Jake:    U stands for “unconditional election”: God has chosen a certain number of people to be saved, the elect, and he has chosen them from the beginning of time. L is for “limited atonement”: only a limited number of people will be atoned and go to heaven. I is for “irresistible grace”: God’s grace cannot be resisted or denied. And P is for “perseverance of the saints”: once you are in grace, you cannot fall from the numbers of the elect. That’s it.

 

Nikki:   Before you can become saved, God already knows who you are?

 

Jake:    Oh yes, he’d have to. That’s predestination. I mean, if God is omniscient, if he already knows everything ~ and he wouldn’t be God if he didn’t ~ then he must have known even before the creation of the world, the names of who would be saved.

 

Nikki:   Well, then, it is all worked out, huh? It’s fixed.

 

Jake:    More or less.

 

Nikki:   I thought I was *&^% - up.

 

Jake:    Well, I admit it’s a little confusing when you look at it from the outside. You have to try to look at it from the inside.

 

And, I thought I was screwed up….

The idea of a God who chooses is incredulous to Nikki. The idea that before the creation of the world God predestined some to be adopted as the sons and daughters of God stretches beyond the boundaries of common sense. The idea of election is screwed up to a stripper in Vegas and to students in Christian high schools…. 

 

Because, while teaching high school every time that I opened Paul’s letter to the Romans, or taught church history, or summarized the Canons of Dordt, or read the chapter of Ephesians there was bound to be a befuddled boy in the back row who screwed up his face like he had just bite into a lemon.  Then he would announce that the idea of God electing for salvation was an offense. It wasn’t fair. It was an affront to his finely tuned sense of justice…. And, usually all it took was one student to raise objections and then the class chorus started:

 

If God chooses than why bother trying to be good?

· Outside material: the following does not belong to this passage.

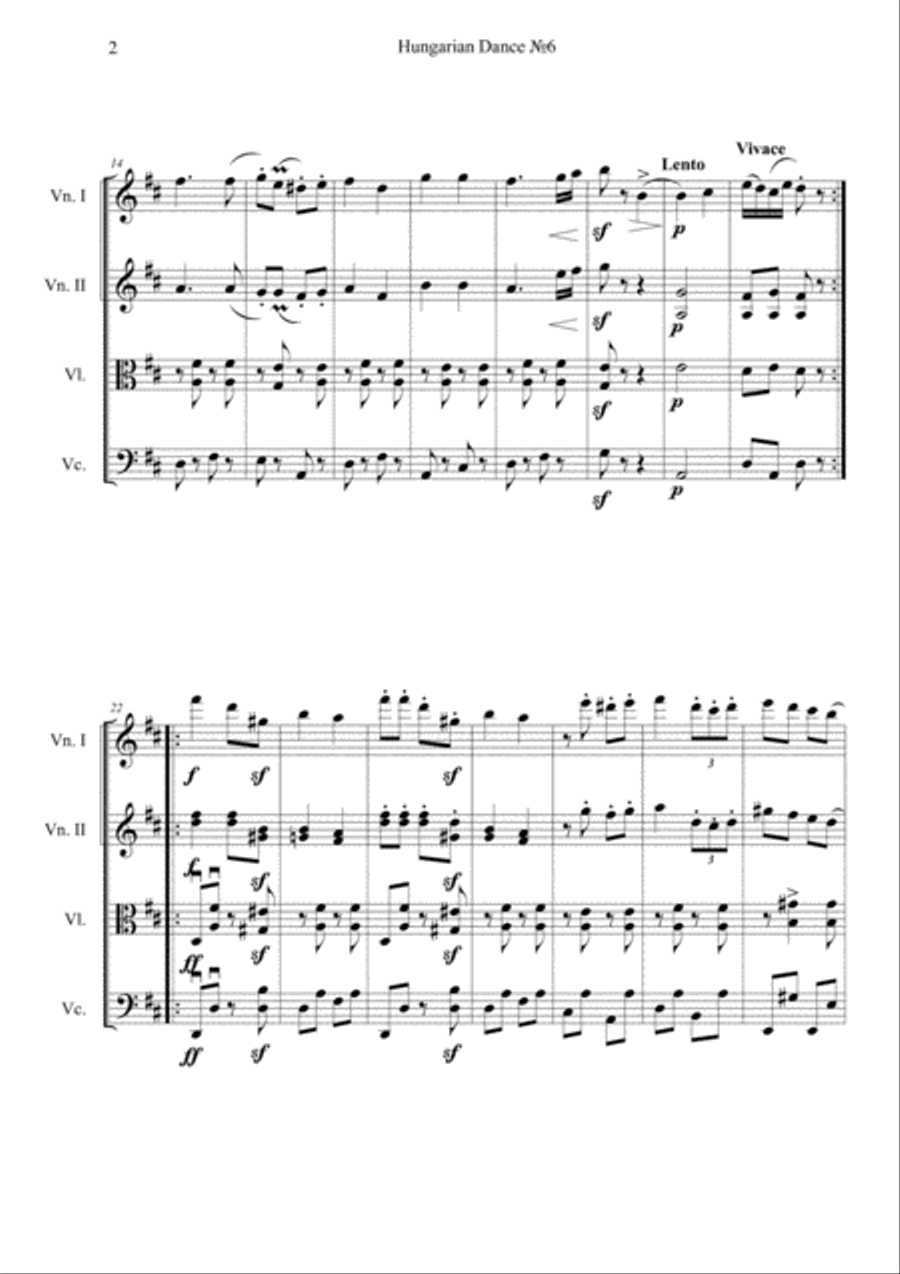 Hungarian Dance №6 String Quartet scores gallery preview page 3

If God chooses than he is to blame!

If it is a done deal than I can go anything I want!

If God chooses there would have to be a reason; it couldn’t be random. It would have to be fair.

You’re wrong! You have to believe ~ that is how you are saved!

           

These students were considerably more comfortable with what is currently posted on the sign in front of the Catholic Church on 127th Street, which offers a simple recipe:

 

            Be good. Avoid evil. Go to heaven.

 

Now that’s fair!

 

But, dear friends, part of what makes this morning’s text so startling is the unvarnished language of choice:

           

            For he chose us in him before the creation of the world…

           

In him we were also chosen, having been predestined according to the plan of him who works out everything in conformity with the purpose of his will…

 

Now, I doubt that on beautiful morning in July you came to hear a full orbed systematic soteriology as it relates to God’s choice,

but there are a few affirmations that we can proclaim,

there is truth here that we can herald,

and even in this great mystery there is a word of encouragement.   

 

The opening of Ephesians is dense. Verses 3 to 14 are only one sentence in Greek. Without pause, the author piles on powerful and profound ideas that form a sort of chain. They are all linked together and they all move toward an end. They begin before the creation of the world and they end when “the times reach their fulfillment.” In one thick long sentence over a handful of verses we go from creation to consummation. The full sweep of time is in the opening of salvo of Ephesians.

 

And, what it proclaims is that God has a plan or a purpose ~ from the very beginning ~ that all things in heaven and on earth will be brought into unity under Christ.      

 

Therefore, any choosing relates to that. I am not sure that the electing will of God is limited to a roster of who is saved. I am not sure that God is simply picking who gets a seat on the bus to heaven. Rather, the purpose of God, even in election, is that all creation ~ fractured and falling apart in sin ~ will be brought together in Christ.

 

Martin Luther on a November night in 1532, at a table with a drink and a few friends, put it his way:

 

So we see that all history presses toward the forgiveness of sins.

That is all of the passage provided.